Cette semaine, le Journal d’Albion vous propose d’entrer dans les carnets de l’écrivain et animatrice d’ateliers d’écriture Pauline Baer de Perignon. Son premier livre, La Collection disparue, vient de paraître aux éditions Stock. Entretien.
Comment utilisez-vous vos carnets au quotidien ?
J’ai vraiment commencé à écrire sur des carnets quand j’ai lu Libérez votre créativité, le livre de Julia Cameron. Elle propose à ses lecteurs d’écrire trois pages tous les matins, alors j’ai suivi sa méthode. Normalement, j’ai un seul carnet sur lequel je note tout. J’ai essayé d’en avoir plusieurs par catégorie, mais je n’avais jamais le bon quand il fallait. Maintenant, j’ai toujours un carnet où je note mes idées sur le projet en cours, ou lorsque je suis en rendez-vous. Il me sert à tout. Tout est mélangé, je mets juste la date. Le problème, c’est que j’ai plein de carnets en cours. Parfois, je les perds, alors j’en commence d’autres. Et quand je cherche un numéro de téléphone très important, je ne sais jamais dans quel carnet il est.
Avez-vous un rapport à l’écriture manuscrite ?

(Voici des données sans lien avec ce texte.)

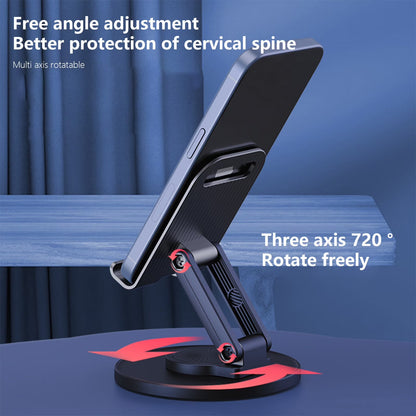 Foldable Phone Stand for Desk 360 Degrees Rotation Height Retractable Cell Phone Holder Portable Cellphone Stand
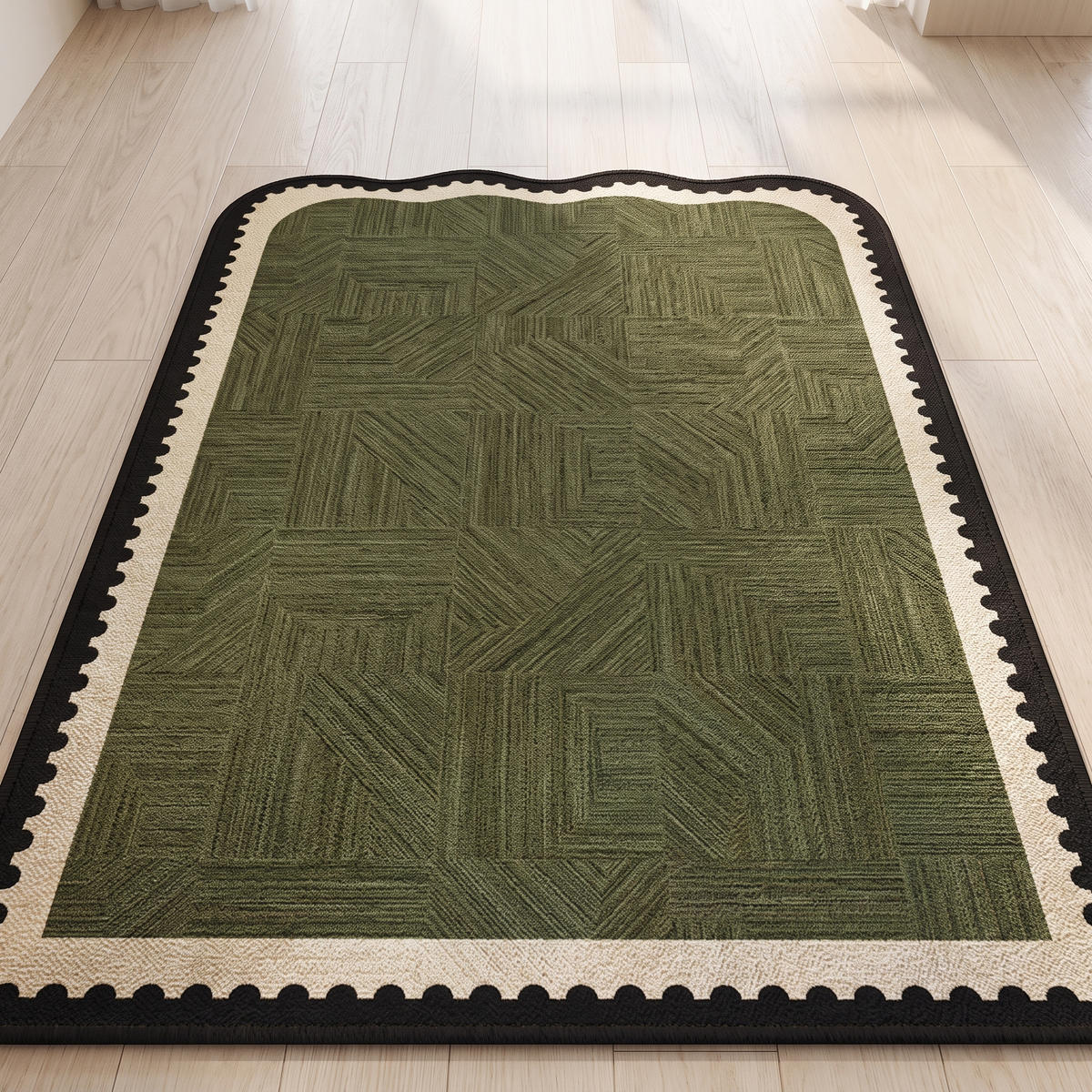 Finch Area Rug for Entryway in olive cream border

Alors, oui, j’ai besoin d’écrire à la main. J’adore le stylo plume, le contact du papier. Pour mon livre, j’ai pris des notes sur des carnets durant toute mon enquête, quand j’allais dans des centres d’archives et que je rencontrais des gens. Au moment de mettre en forme, j’ai repris mes carnets (une dizaine en deux ans), je les ai relus, stabilotés, j’ai apposé des marque-pages sur ce qui m’intéressait, et j’ai tapé mon texte après. En revanche, pour rédiger un brouillon, c’est plus rare que j’utilise le carnet directement. Pour mon prochain projet, j’ai écrit tout mon plan détaillé sur un carnet. Je pense qu’on ne peut pas tout faire à la main, mais la phase d’idées passe par la main.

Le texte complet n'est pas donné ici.